3.3.4 Soil Moisture and Evapotranspiration
Rainfall variability (in daily and monthly scale) in the context of drought occurrence over Madhya Pradesh in central India during summer monsoon has been studied using observed datasets. Mechanism of such rainfall variability has been examined so that an effective drought monitoring system can be developed for the study region. Consistency among various datasets such as rainfall, surface temperature, soil moisture and evapotranspiration have been examined. These parameters are from various different sources and critical for drought monitoring and prediction. Main conclusions of the present study are the following.
Composite analysis of winds 850 and 200 hPa during excess and deficient rainfall years show that the southwesterly winds are stronger and a cyclonic circulation is formed at 850 hPa over central India during excess rainfall months. The Tibetan anticyclone is shifted west and northwards from its normal position when the study region gets above normal rainfall. The opposite happens when the regions get below normal (deficit) rainfall. During weak phases of monsoon, central India receives deficit rainfall with weaker monsoon circulation. This phase is characterized by an anticyclonic circulation at 850 hPa centered on MP. The EOF analysis suggests that the two leading modes explain about 23–24% of rainfall variability in intraseasonal timescale. These two modes also represent large-scale monsoon variability with central India and Western Ghat regions having same phase and the north-east India having opposite phase. These two modes also represent drought conditions over MP.
Relationship of weak phases of rainfall over central India with real-time multivariate (RMM) indices of MJO has been examined. It is found that RMM-6, RMM-7, RMM-1 and RMM-2 describe the drought conditions over central India. However, frequency of drought occurrence over MP is more during RMM-7 phase. Therefore, a relationship between droughts over MP and the eastward propagating MJO mode has been established. Surface temperature increases by about 0.5°–1° during weak phases of rainfall over this region.

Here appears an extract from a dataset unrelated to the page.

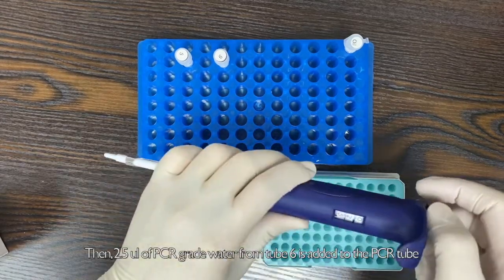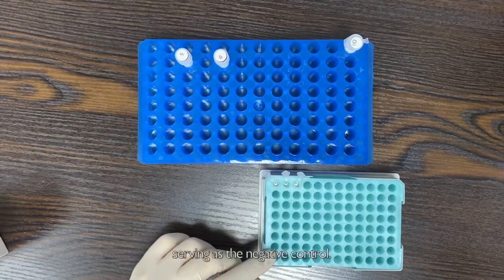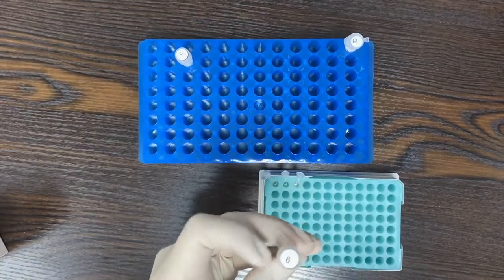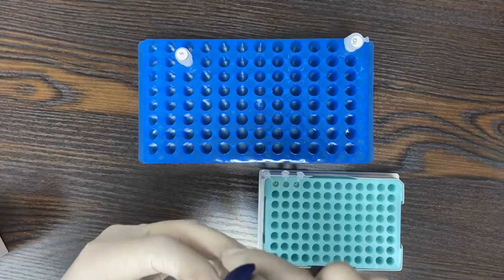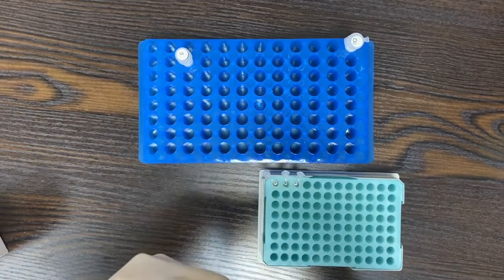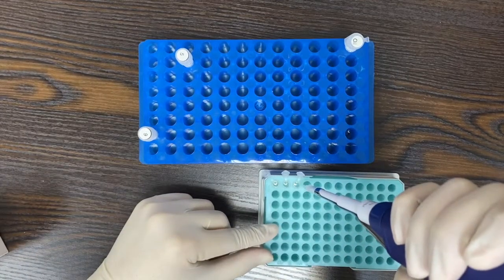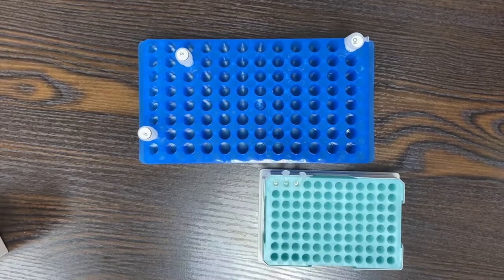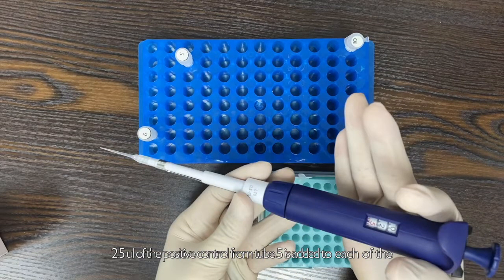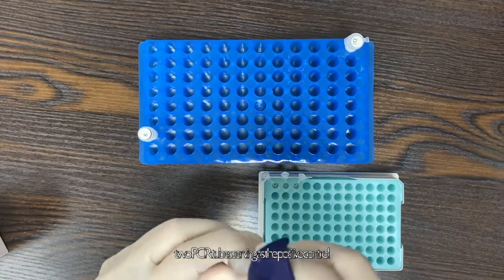Then, 2.5 µl of PCR grade water from tube 6 is added to the PCR tube serving as the negative control. 2.5 µl of positive control from tube 5 is added to each of the 2 PCR tubes serving as the positive control.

An attempt has been made to document relationship between remotely sensed soil moisture and evapotranspiration with meteorological conditions over central India. It is found that the soil moisture and evapotranspiration gradually reduce when rainfall reduces. Soil moisture and evapotranspiration anomalies have positive pattern during good rainfall events over central India and gradually reduce and become negative anomalies during weak phases.